Gravitational lens magnification and the mass of Abell 1689

We present the first application of lens magnification to measure the absolute mass of a galaxy cluster: Abell 1689. The absolute mass of a galaxy cluster can be measured by the gravitational lens magnification of a background galaxy population by the cluster gravitational potential. The lensing signal is complicated by the intrinsic variation in number counts resulting from galaxy clustering and shot noise and by additional uncertainties in relating magnification to mass in the strong lensing regime. Clustering and shot noise can be dealt with using maximum likelihood methods. Local approximations can then be used to estimate the mass from magnification.

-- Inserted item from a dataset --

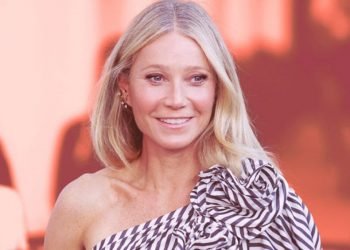 Gwyneth Paltrow ‘lucky’ to be original ‘nepo baby’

Alternatively, if the lens is axially symmetric we show that the amplification equation can be solved nonlocally for the surface mass density and the tangential shear. In this paper we present the first maps of the total mass distribution in Abell 1689, measured from the deficit of lensed red galaxies behind the cluster. Although noisier, these reproduce the main features of mass maps made using the shear distortion of background galaxies, but have the correct normalization, finally breaking the "sheet-mass" degeneracy that has plagued lensing methods based on shear. Averaging over annular bins centered on the peak of the light distribution, we derive the cluster mass profile in the inner 4' (0.48 h(-1) Mpc). These show a profile with a near-isothermal surface mass density kappa approximate to (0.5 +/- 0.1)(theta/1')(-1) out to a radius of 2.'4 (0.28 h(-1) Mpc), followed by a sudden drop into noise. We find that the projected mass interior to 0.24 h(-1) Mpc is M(<0.24 h(-1) Mpc)= (0.50 +/- 0.09) x 10(15) h(-1) M,. We compare our results to masses estimated from X-ray temperatures and line-of-sight velocity dispersions, as well as to weak shear and lensing arclets. We find that the masses inferred from X-ray, line-of-sight velocity dispersions, arclets, and weak shear are all in fair agreement for Abell 1689.